The Revolutionary Communist Group – for an anti-imperialist movement in Britain

Exempt housing: crackdown targets vulnerable tenants

Former council flats in Birmingham

The epidemic of shoddy ‘exempt housing’ has become an embarrassment for councils across England. It’s clear that this housing model – supposedly ‘supported housing’ funded directly by the DWP and therefore exempt from the cap on housing benefits – is rife with exploitative landlords and only leaves those it’s supposed to help worse off. Reports from the Ministry of Housing, Communities and Local Government on projects in Birmingham, Brighton, Bristol and Hull show that providers of exempt accommodation – which is supposed to help those who’ve been homeless, have drug issues, are victims of domestic abuse or are recent prison leavers, refugees or migrants – were providing falsified reports on both their profits and the levels of support they were supposed to provide. This has forced councils to act, with MPs and the Levelling Up Housing and Communities Committee (LUHC) launching investigations and legislation. But, so far, this has done little to address the structural issues that have brought exempt accommodation into being. Instead, the targets are once again the most vulnerable sectors of the working class.
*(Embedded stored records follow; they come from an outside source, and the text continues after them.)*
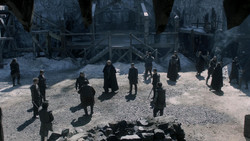 extant_GameOfThrones_1x04-CripplesBastardsAndBrokenThings_3747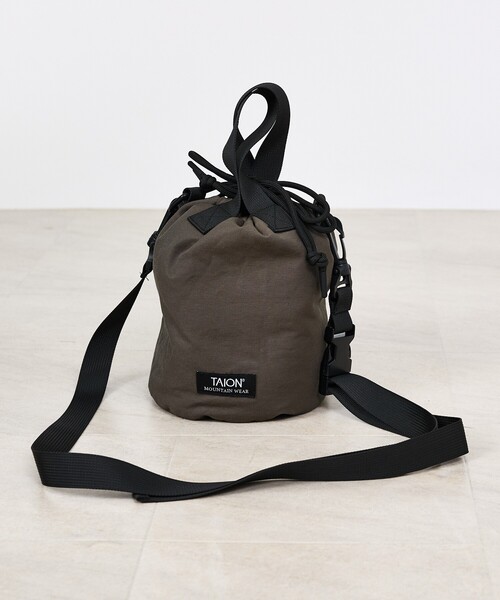 TAION(タイオン)の「【TAION/タイオン】NON DOWN MOUNTAIN BUCKET BAG/ノンダウン マウンテン バケットバッグ/ユニセックス 【WEB限定】(ボディバッグ/ウエストポーチ・メンズ・ライトブラウン/ブラック/ネイビー/カーキ・フリー)」の6枚目の写真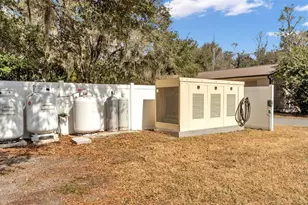 6400 Forestwood Dr E, Lakeland, FL 33811 - Photo 49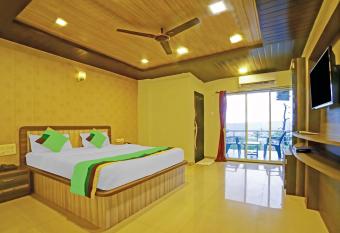 Treebo Trend Balaji Excellency & Spa allows 18 year olds to book a room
The response in the ‘capital of exempt housing’, Birmingham, has been a crackdown by police – not on unscrupulous and in many cases criminal landlords, but rather on the tenants themselves. It’s not surprising that drug abuse, as well as dealing and growing, are common in these exempt houses. Many tenants have found themselves there precisely because of drug problems that underfunded support systems have been unable to resolve. The lack of any real support offered by exempt housing premises also leaves vulnerable residents open to exploitation and abuse by criminal gangs. Birmingham’s Labour-run City Council has used this as an excuse to work with West Midlands Police to sweep away ‘problem tenants’. As of March only one closure order for a provider has been served whereas there have been 131 eviction orders. The council boasts that over the last 18 months the police have conducted 453 investigations into myriad criminal activities, locating cannabis farms and illegal weapons. No landlords have been prosecuted. Birmingham is home to more than 8,000 ‘exempt housing providers’ and the sector is estimated at being worth some £110m.

In FRFI 286 we explained that the rise in exempt accommodation is a result of capitalist crisis. Social housing has been sold off or demolished at a rate of nearly 4,000 homes a year over the past two decades. Mental health services and domestic abuse support have seen their funding slashed. The inevitable result has been a spike in the number of people eligible for benefit cap exemption. Private support housing providers have flooded in to exploit housing benefit loopholes. For example, an FRFI supporter in Quinton, Birmingham was being charged £230 a week for a room in a house of multi-occupancy (HMO) – a shockingly high rent for the area. Housing Minister Eddie Hughes points to the ‘unscrupulous  landlords exploiting the most vulnerable in society’. Clive Betts, Sheffield MP and chair of the LUHC blames ‘neglectful landlords… pocketing taxpayer money’. But this is not simply a problem of bad landlords appearing out of nowhere to trap tenants in their webs. Vulnerable tenants are faced with almost nowhere else to go for better support or accommodation that accepts DSS precisely because social housing has been sold off or privatised by the same council that is now wringing its hands over the problem.

The LUHC has made vague promises to give more power to local authorities and changes to housing benefit regulations and introducing standards for support. But nothing has been said about reversing the huge cuts to social housing in general, nor to restoring properly funded mental health services. There’s no commitment to ending the privatisation within the framework of social housing that incentivises profit over people. And meanwhile those who are exploited and criminalised are the poorest sections of the working class.